We found minor swellings in the joints and the groin area, and at first I
thought they could have been symptoms of lymphogranuloma venereum, or some
other kind of pyogenic infection. The kid had a lung condition, and we were working
on the assumption that the swellings might have been associated with a general
rundown of health brought on by influenza.’ Adelaide looked questioningly
across the room.
Prickles, busy
with her doll’s coiffure, didn’t even notice.
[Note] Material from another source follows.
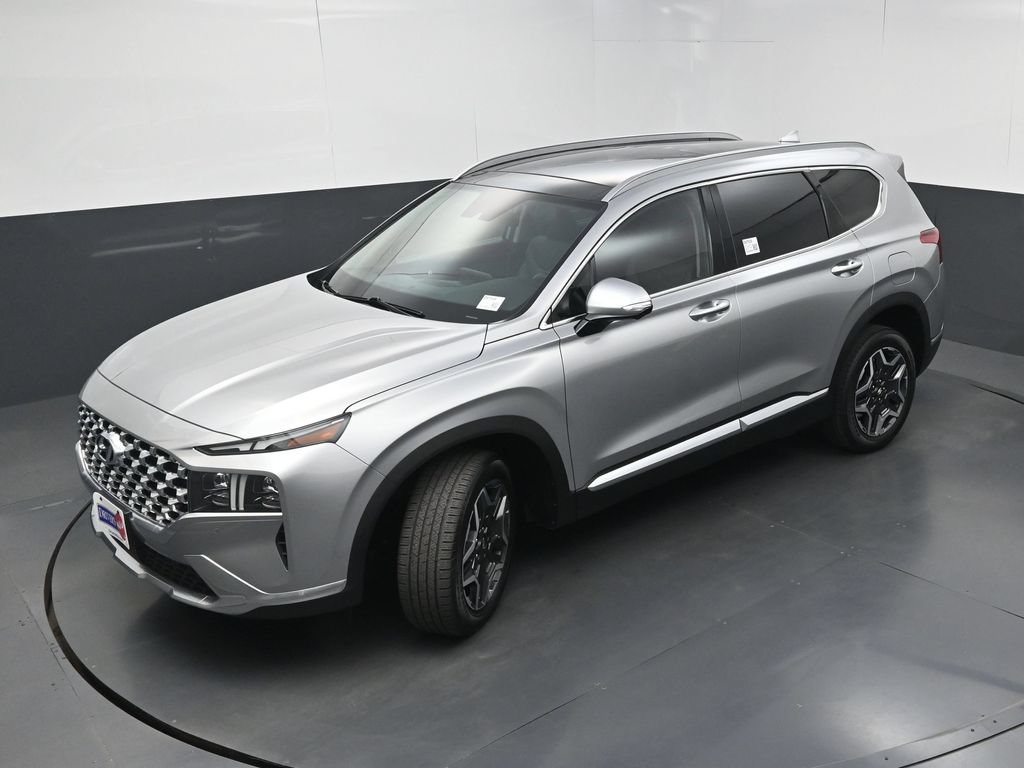 Used 2023 Hyundai Santa Fe Limited AWD/4WD image 35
On the TV screen, the hero was
mouthing something in garish color, a million light-years away from disease and
infection and nine-year-old boys who died overnight.
‘Well,’ said
Dr. Petrie, ‘what do you think it is?’
Dr. Selmer said
evasively, ‘We carried out a pretty thorough examination. We took slides from
the spleen, the liver, the lymph nodes and bone marrow. We also took sputum
samples and blood samples, and we did bacteriological tests on all of them.’
‘What did you
find?’ asked Petrie quietly.
‘A bacillus,’ answered
Dr. Selmer. ‘A bacillus that was present in tremendous numbers, and of terrific
virulence.
A real red-hot terror.’
‘Have you
identified it?’
‘We have some
tentative theories.’
‘What kind of
tentative theories?’
Dr. Selmer’s
voice was hardly audible. ‘Leonard,’ he said, ‘this bacillus appears to be a
form of Pasteurella pestis.’
‘What? What did
you say?’
He could hardly
believe what Anton Selmer had told him. He felt a strange crawling sensation
all over his skin, and for the first time in his medical career he felt
literally unclean. He had dealt with terminal cancer patients, tuberculosis
patients, Spanish influenza and even typhoid. But this – Adelaide, seeing his
drawn face, said, ‘Leonard – what is it?’
He hardly heard
her. She came over and he held her hand.
In a dry voice,
he said to Anton Selmer, ‘Plague? Are you suggesting that it’s plague?’
‘I’m sorry,
Leonard, but that’s what it looks like. Only it’s worse than plague. The
bacterial samples we have here are not identical with any known profile of
Pasteurella pestis. They certainly don’t correspond with the 1920 records –
which is the last time we had an outbreak of plague in Florida. The bacilli
seem to have mutated or developed into something more virulent and
faster-growing.’
Dr. Petrie looked
at Prickles, squatting innocently in front of the television in her pink
nightdress. Supposing he had picked it up himself, when he was carrying David
Kelly? Supposing…
‘Anton,’ he
said abruptly. ‘Do you think I could have caught it?’
Dr. Selmer coughed.
‘Right now,’ he said, ‘it’s difficult for me to say. I’m still waiting for the
sputum reports, and that will tell us whether the boy’s throat and lungs were
infected. You took the streptomycin shots, though, didn’t you?’
‘Sure. Right
after you called me this morning.’
‘Well, those
should help. All antibiotics are useful in plague treatment. If you’ve come
into contact with anyone for any length of time, I should make sure that they
get shots too. I can get some serum flown in from the West Coast tonight, and
we can all get ourselves vaccinated just in case.’
Dr. Petrie
looked at Adelaide, and squeezed her hand reassuringly.
‘Anton,’ he
said, ‘what should I look for? What symptoms?’
‘Leonard – I
can’t say. You’ll just have to keep yourself under strict observation. If you
have any swelling, or dizziness, or headache get in touch with me straight
away. And cancel your clinic for three days. That’s how long plague usually
takes to develop.’
Dr. Petrie felt
chilled. ‘Anton,’ he insisted, ‘I have Adelaide and Priscilla with me. I had
Esther around me all day. I went to a restaurant for lunch.
And
what about my patients?’
‘I don’t know,
Leonard,’ said Dr. Selmer tiredly. ‘It depends on what kind of bacillus
mutation we have here. Basically, plague comes in three recognized forms.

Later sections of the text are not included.